TASK OBJECTIVE:
Using the entries below, return word for word the lines from the one containing "this 1270×952 image." up to and including the last.

(MATERIAL SHOWN)

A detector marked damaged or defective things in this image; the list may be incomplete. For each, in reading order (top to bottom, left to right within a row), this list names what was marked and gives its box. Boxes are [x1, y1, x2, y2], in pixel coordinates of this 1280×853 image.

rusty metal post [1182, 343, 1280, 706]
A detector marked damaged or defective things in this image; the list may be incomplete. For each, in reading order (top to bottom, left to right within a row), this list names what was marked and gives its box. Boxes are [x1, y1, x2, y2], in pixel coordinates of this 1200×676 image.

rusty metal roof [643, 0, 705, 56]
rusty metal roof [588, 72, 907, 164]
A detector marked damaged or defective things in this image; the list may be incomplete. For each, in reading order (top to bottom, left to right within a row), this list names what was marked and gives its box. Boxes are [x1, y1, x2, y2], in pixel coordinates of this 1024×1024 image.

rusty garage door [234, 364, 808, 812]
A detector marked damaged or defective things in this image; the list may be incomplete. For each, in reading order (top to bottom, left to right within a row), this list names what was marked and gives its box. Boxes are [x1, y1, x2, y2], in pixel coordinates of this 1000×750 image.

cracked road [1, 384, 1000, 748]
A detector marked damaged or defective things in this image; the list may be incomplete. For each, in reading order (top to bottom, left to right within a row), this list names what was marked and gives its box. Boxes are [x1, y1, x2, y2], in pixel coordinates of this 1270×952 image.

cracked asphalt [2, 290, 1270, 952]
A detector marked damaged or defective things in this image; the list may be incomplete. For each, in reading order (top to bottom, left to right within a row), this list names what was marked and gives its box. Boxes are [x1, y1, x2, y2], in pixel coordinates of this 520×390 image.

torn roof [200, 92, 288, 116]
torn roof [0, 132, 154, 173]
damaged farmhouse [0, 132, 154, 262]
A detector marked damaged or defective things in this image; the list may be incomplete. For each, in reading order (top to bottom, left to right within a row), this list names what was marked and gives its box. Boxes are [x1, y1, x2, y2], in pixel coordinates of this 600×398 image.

(End MATERIAL SHOWN)

WRITTEN REPLY:
A detector marked damaged or defective things in this image; the list may be incomplete. For each, in reading order (top to bottom, left to right within a row), this list names what was marked and gives its box. Boxes are [x1, y1, x2, y2], in pixel coordinates of this 1270×952 image.

cracked asphalt [2, 290, 1270, 952]
A detector marked damaged or defective things in this image; the list may be incomplete. For each, in reading order (top to bottom, left to right within a row), this list names what was marked and gives its box. Boxes are [x1, y1, x2, y2], in pixel coordinates of this 520×390 image.

torn roof [200, 92, 288, 116]
torn roof [0, 132, 154, 173]
damaged farmhouse [0, 132, 154, 262]
A detector marked damaged or defective things in this image; the list may be incomplete. For each, in reading order (top to bottom, left to right within a row), this list names what was marked and gives its box. Boxes are [x1, y1, x2, y2], in pixel coordinates of this 600×398 image.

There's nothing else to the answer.